Alle 22 del 12 aprile 2023 Carlo Calenda ha seppellito il Terzo Polo. E lo ha fatto sorprendendo quelli di Italia Viva, che definire furenti è dire poco. Il cronista è impazzito dietro a tutte le giravolte della giornata, una giornata che a detta di tutti volgeva in positivo. Così avevano capito anche i renziani presenti alla riunione del comitato politico, freddati da “Carlo”, tanto che nella loro nota finale hanno scritto che c’era l’accordo «su tutti i punti», e la riunione veniva aggiornata (a oggi: ma si farà, a questo punto?), attendendosi dichiarazioni distensive del leader di Azione. Che invece è uscito annunciando un «nulla di fatto» e rimarcando il dissenso sul fatto che Italia Viva continuerà a sussistere anche nel 2024: «Se questo nodo non verrà sciolto il partito unico non nasce».

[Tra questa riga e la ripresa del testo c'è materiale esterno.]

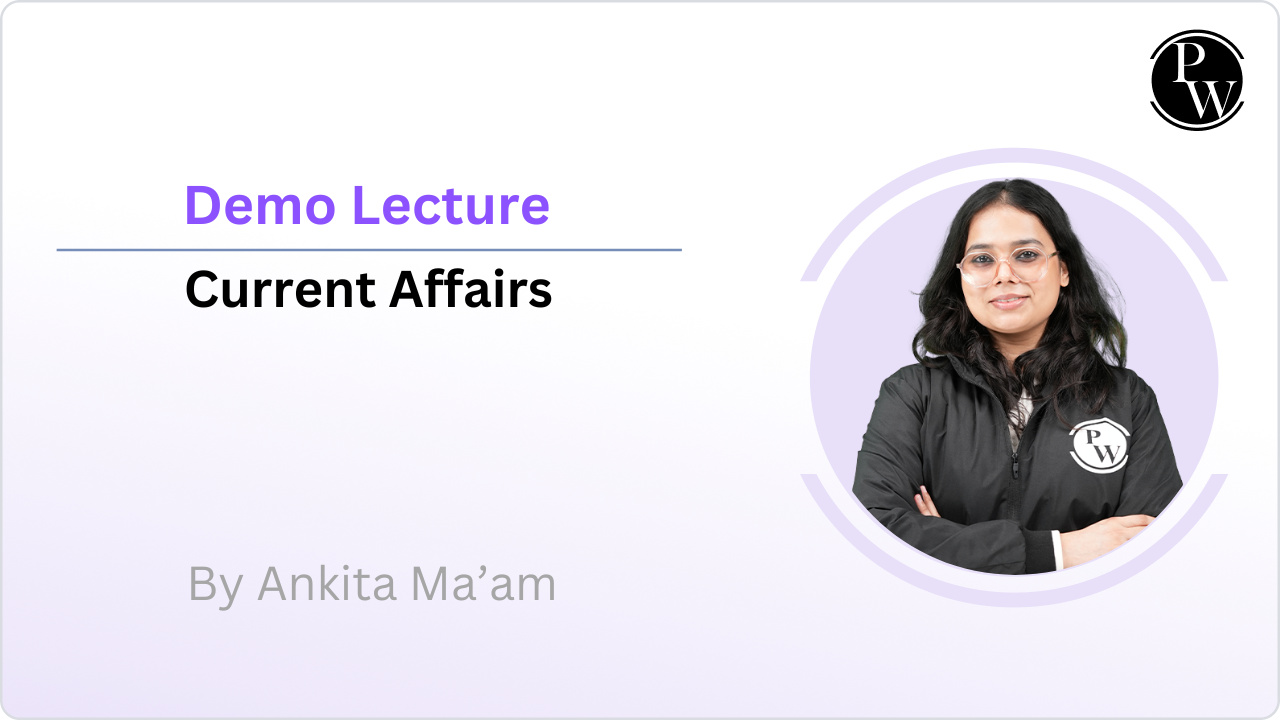 Demo Lecture by Ankita Ma'am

Ha ragione lui? O i renziani? La verità è che qui sta diventando una commedia ottocentesca con le porte girevoli e le torte in faccia malgrado da tutte le parti – fino alle 22 – si sussurrasse ai giornalisti di un compromesso possibile, di tregua armata, chiamatelo come volete ma che insomma la rottura non ci sarebbe stata.

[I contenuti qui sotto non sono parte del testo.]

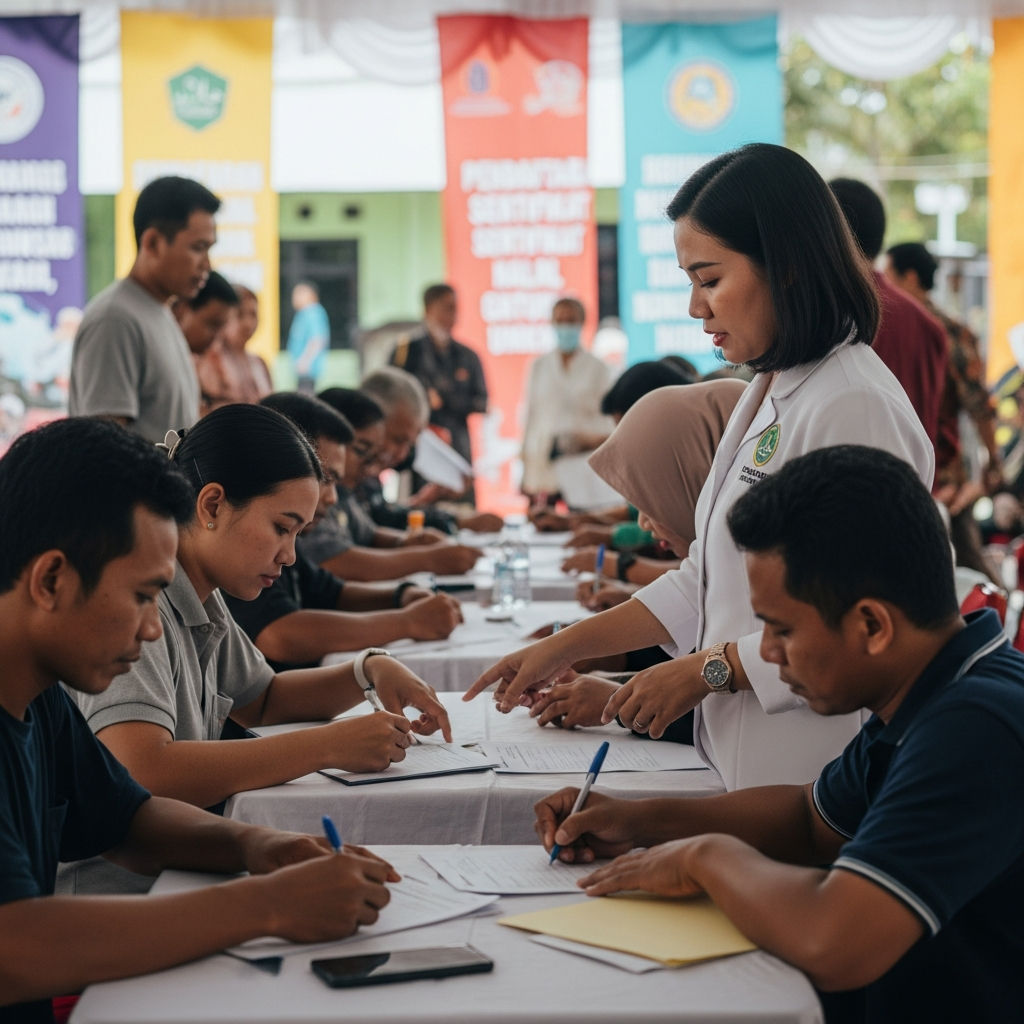 Pendaftaran Sertifikat Halal Gratis 2026 untuk UMKM Salam, Magelang (Wajib Baca!)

Invece il Terzo Polo esce ammaccatissimo dalle baruffe di questi giorni – incomprensibili ai più – e vicino a premere il tasto dell’autodistruzione. Matteo Renzi che per tutta la giornata era ottimista ieri sera era nero. I suoi pensano che Calenda abbia paura di perdere il congresso contro un candidato di Italia Viva (Luigi Marattin? Lella Paita?) e che sollevi problemi altrimenti risolvibili, compresa la norma antipatica per Renzi, che in sostanza dice che si applicheranno «le regole etiche e di incompatibilità» previste per i parlamentari europei, una regola che allude alle attività di lobbying che non può non far pensare al leader di Italia Viva (ma chissà quali escamotage giuridici potrebbero essere trovati per consentire a Renzi – potrebbe essere – di candidarsi a Bruxelles).

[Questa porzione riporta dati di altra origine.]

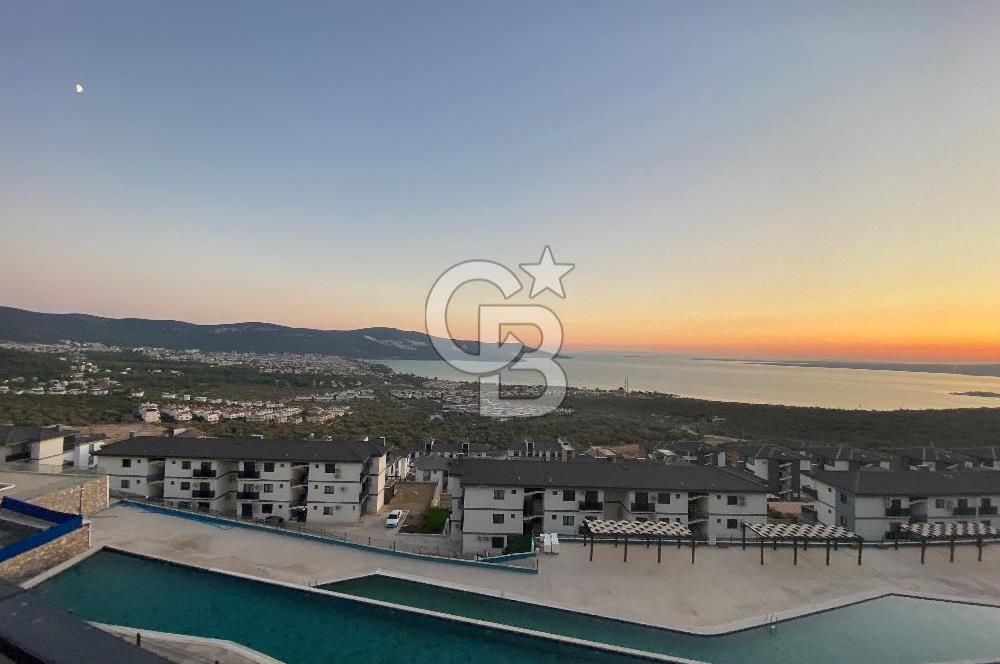 Akbük Yakamoz Sitesi 2+1 Eşyalı,Deniz Manzaralı Kiralık Daire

Nel documento presentato da Calenda si prevede che entro il 15 giugno si terranno le assemblee di Azione e Italia Viva che faranno partire il processo che porterà al partito unico, poi partiranno le iscrizioni e all’iter congressuale che terminerà entro il 20 ottobre. Il traguardo politico è ovviamente quello delle elezioni europee.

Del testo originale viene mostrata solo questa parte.